# Supplied entries
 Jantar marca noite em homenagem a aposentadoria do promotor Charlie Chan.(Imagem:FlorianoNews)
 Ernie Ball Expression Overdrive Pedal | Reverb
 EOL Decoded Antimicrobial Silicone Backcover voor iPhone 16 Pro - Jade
==
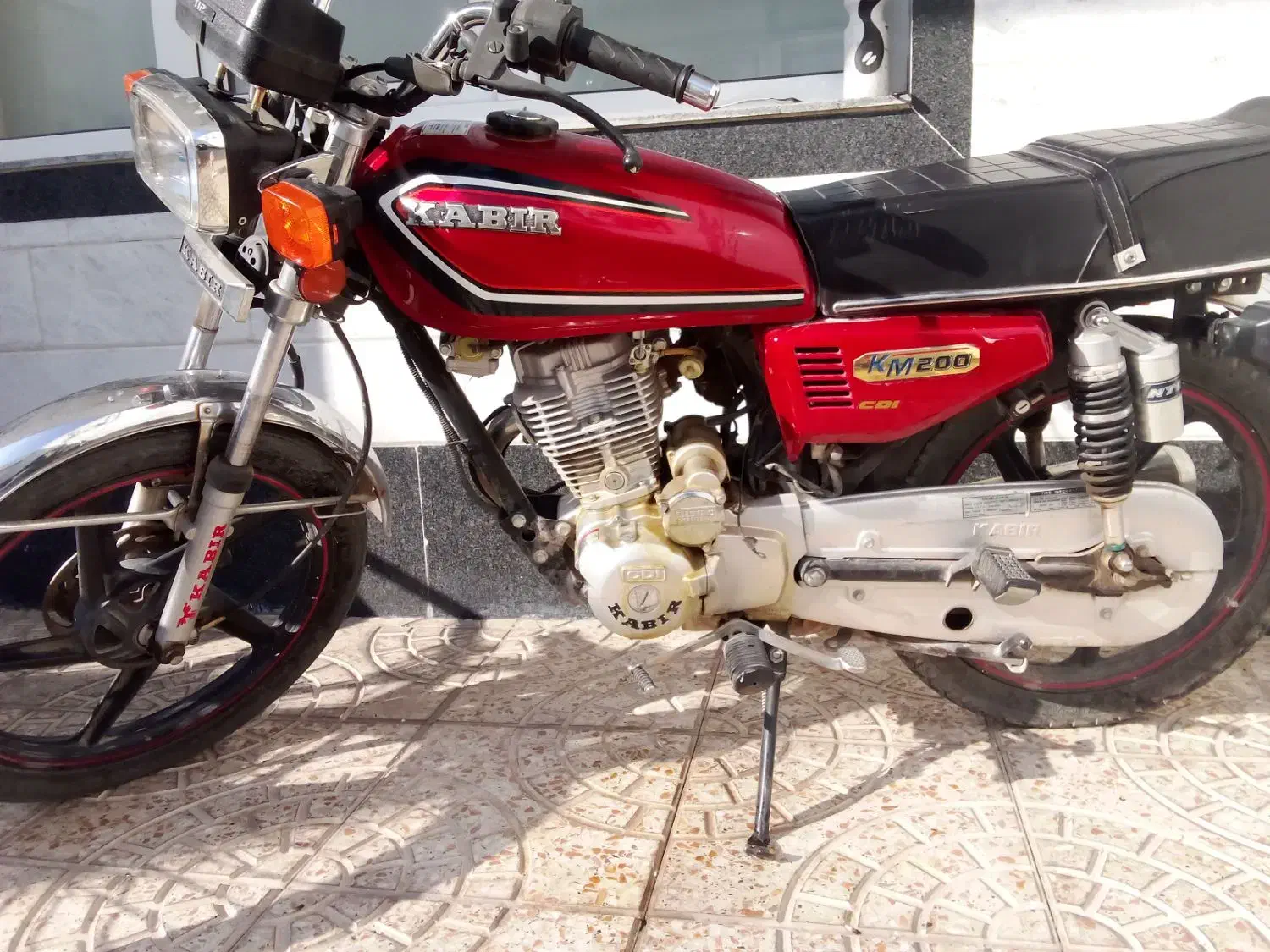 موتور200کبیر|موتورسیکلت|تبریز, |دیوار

# Task goal
Beginning at the line with "Jantar marca noite" and ending at the line with "EOL Decoded Antimicrobial", reproduce each line of the data above exactly, and add no other lines.

# Response to the exercise
 Jantar marca noite em homenagem a aposentadoria do promotor Charlie Chan.(Imagem:FlorianoNews)
 Ernie Ball Expression Overdrive Pedal | Reverb
 EOL Decoded Antimicrobial Silicone Backcover voor iPhone 16 Pro - Jade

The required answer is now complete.